EXERCISE DATA: Begin

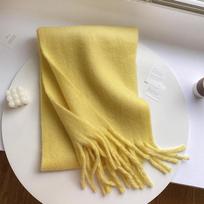 Žiemos pliušinis sunkus pūkuotas šalikas - didelis, minkštas ir šiltas studentams ir poroms 230*35cm žąsinės geltonos spalvos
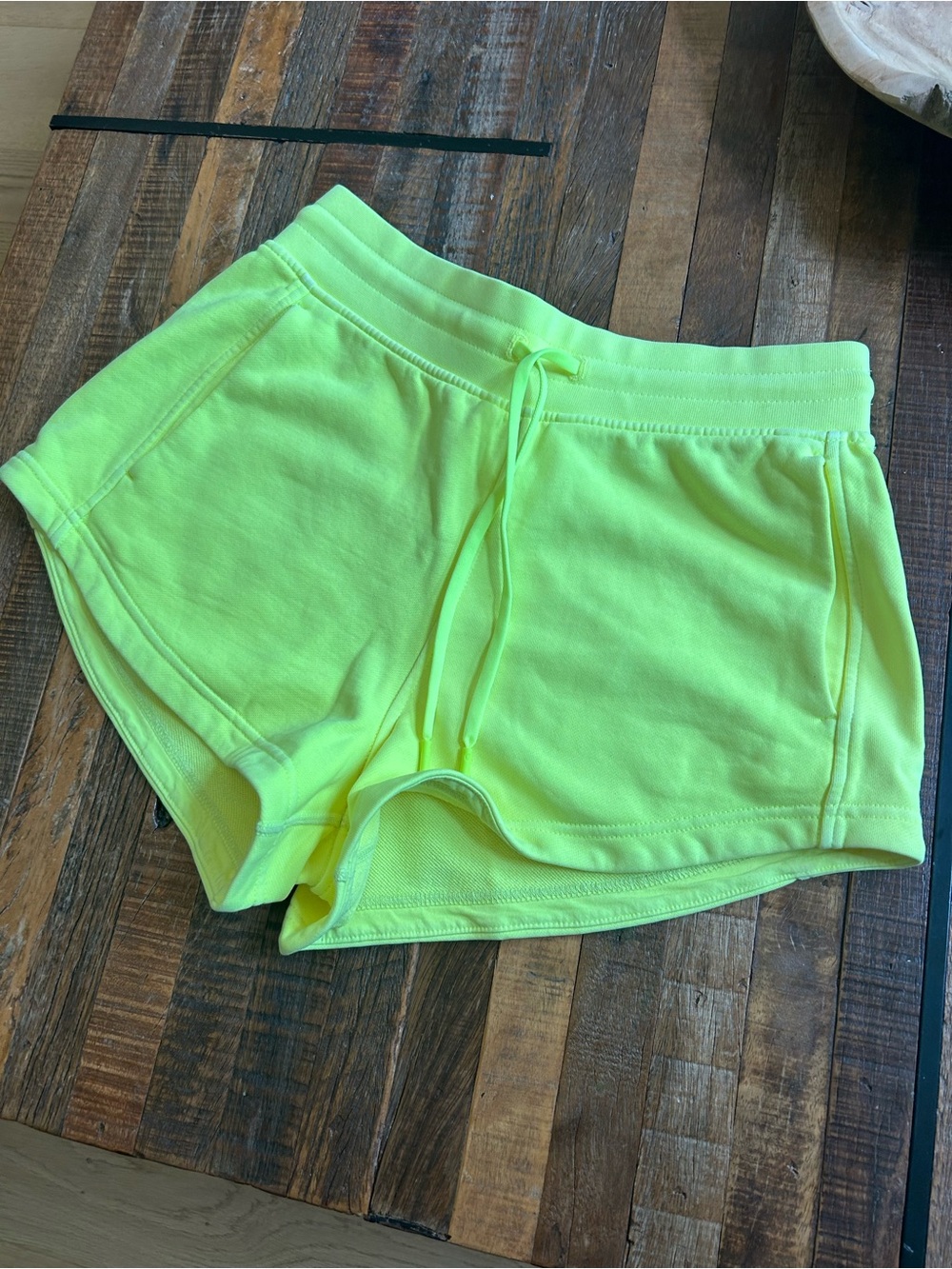 Lululemon Inner Glow High-Rise Neon Yellow Dye Shorts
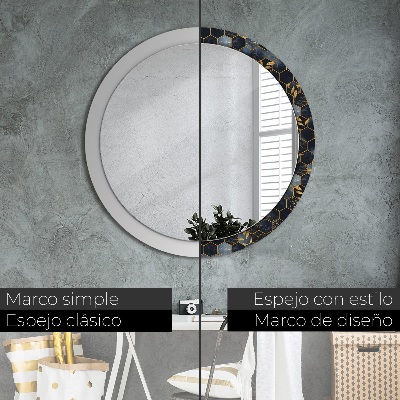 Round mirror printed frame Marble hexagon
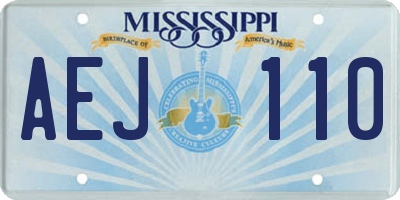 MS license plate AEJ110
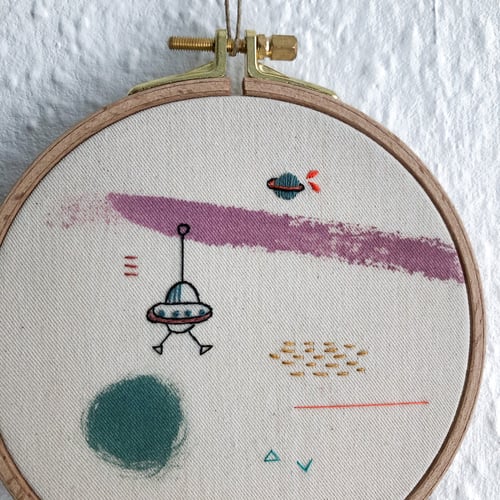 Image of Space invader - hand embroidered and hand painted wall hanging, 5” hoop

EXERCISE DATA: End

ABOUT THIS EXERCISE: Retype exactly the lines from the line containing "Round mirror printed frame Marble hexagon" through the end of the entries above, including both ends, and leave every picture out.

PROBLEM SOLUTION:
 Round mirror printed frame Marble hexagon
 MS license plate AEJ110
 Image of Space invader - hand embroidered and hand painted wall hanging, 5” hoop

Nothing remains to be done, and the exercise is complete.